THEORY FOR SINGLE-X SCIENCE
Single-molecule theory of enzymatic inhibition
The classical theory of enzymatic inhibition takes a deterministic, bulk-based, approach to quantitatively describe how inhibitors affect the progression of enzymatic reactions. Catalysis at the single-enzyme level is, however, inherently stochastic which could lead to strong deviations from classical predictions. To study this, we collaborated with Tal Robin and Michael Urbakh. Taking a single-enzyme perspective, we rebuilt the theory of enzymatic inhibition from the bottom up [Nat. Commun. 9(1), 779, 2018]. We discovered that stochastic fluctuations at the single-enzyme level could unexpectedly make inhibitors act as activators, which should fundamentally change the way we think about enzymatic inhibition.
A unified approach to gated reactions on networks
For two molecules to react they must first meet. This condition is, however, insufficient since stochastic transitions between reactive and non-reactive states result in an effective fluctuating molecular “gate” that can prevent reactions from occurring despite the spatial proximity of the reactants involved. To better understand this phenomenon, we developed a general approach to gated reactions on networks [Phys. Rev. Lett. 127, 018301, 2021; J. Chem. Phys. 155, 234112, 2021]. The analysis gives a practical way of calculating the mean and distribution of gated reaction times from the corresponding, and often known, ungated reaction times. The theory also sheds light on universal features of gated reactions, as well as novel and exotic kinetics that arise due to molecular gating.
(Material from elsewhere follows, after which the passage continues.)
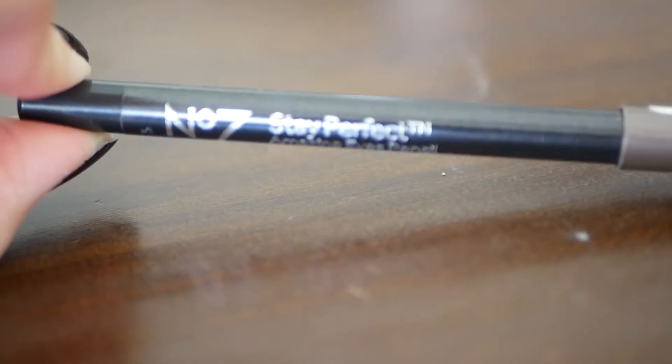Next are eyeliners. Starting with the Boots No. 7 Stay Perfect Amazing Eyes Pencil — I know for sure that Walgreens sells this brand. It's a really nice taupe-y brown, matte, and straightforward. It's very easy to blend, stays in place, and lasts a long time. Whether you want to smoke it out or go for a smudgy look, this is really nice. It's super soft — you can put it on your eyelashes or on your waterline and it won't bother them. I don't wear much eyeliner anymore, but this is the one I wear when I do.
Inference from gated first-passage times
When does a stochastic time-series cross a predefined threshold for the first time? The answer to this question relies on the first-passage time — a concept that has attracted interdisciplinary research interest for several decades. However, in applications ranging from time-series analysis to chemical reactions, various forms of “gating” prevent first-passage times from being directly observable. The challenge is the to infer the statistics of
first-passage times from the gated observations, i.e., from actual detection times, which can be strikingly different from the true first-passage times. Motivated by this inference challenge, and the complete lack of results on this front, we collaborated with Aanjaneya Kumar and M. S. Santhanam to develop a model-free framework that allows for the reconstruction of first-passage time statistics from observed detection times [Phys. Rev. Research 5, L032043, 2023]. The universality of the proposed framework remarkably allows for the inference of unknown first-passage statistics without needing to know or assume the underlying laws of stochastic motion. In addition, when the underlying laws of motions are known, our framework also provides a way to infer physically meaningful parameters, e.g., diffusion coefficients and gating rates. Being the first of its kind, our approach opens new avenues connecting experimental and theoretical research by allowing practitioners to infer keystone quantities, which are often concealed from direct observation.
Microscopic theory of adsorption kinetics
Adsorption is the accumulation of a solute at an interface that is formed between a solution and an additional gas, liquid, or solid phase. The macroscopic theory of adsorption dates back more than a century and is now well-established. Yet, despite recent advancements, a detailed and self-contained theory of single-particle adsorption is still lacking. We bridge this gap by developing a microscopic theory of adsorption kinetics, from which
macroscopic properties follow directly [J. Chem. Phys. 158, 094107, 2023]. One of our central achievements is the derivation of the microscopic version of the seminal Ward–Tordai relation, which connects the surface and subsurface adsorbate concentrations via a universal equation that holds for arbitrary adsorption dynamics. Furthermore, we present a microscopic interpretation of the Ward–Tordai relation that, in turn, allows us to generalize it to arbitrary dimension, geometry, and initial conditions. The power of our approach is showcased on a set of hitherto unsolved adsorption problems to which we present exact analytical solutions. The developed framework sheds fresh light on the fundamentals of adsorption kinetics, which opens new research avenues in surface science with applications to artificial and biological sensing and to the design of nano-scale devices.
Escape of a sticky particle
Adsorption to a surface, reversible binding, and trapping are all prevalent scenarios where particles exhibit “stickiness.” Escape and first-passage times are known to be drastically affected, but a detailed understanding of this phenomenon remains illusive. To tackle this problem, we collaborated with Denis Grebenkov to develop an
analytical approach to the escape of a diffusing particle from a domain of arbitrary shape, size, and surface reactivity [Phys. Rev. Research 5, 043196, 2023]. We used this approach to elucidate the effect of stickiness on the escape time from a slab domain, revealing how adsorption and desorption rates affect the mean and variance and providing an way to infer these rates from measurements. Moreover, as any smooth boundary is locally flat, slab results are leveraged to devise a numerically efficient scheme for simulating sticky boundaries in arbitrary domains. Generalizing our analysis to higher dimensions reveals that the mean escape time abides a general structure that is independent of the dimensionality of the problem. This paper thus offers a starting point for analytical and numerical studies of stickiness and its role in escape, first-passage, and diffusion-controlled reactions.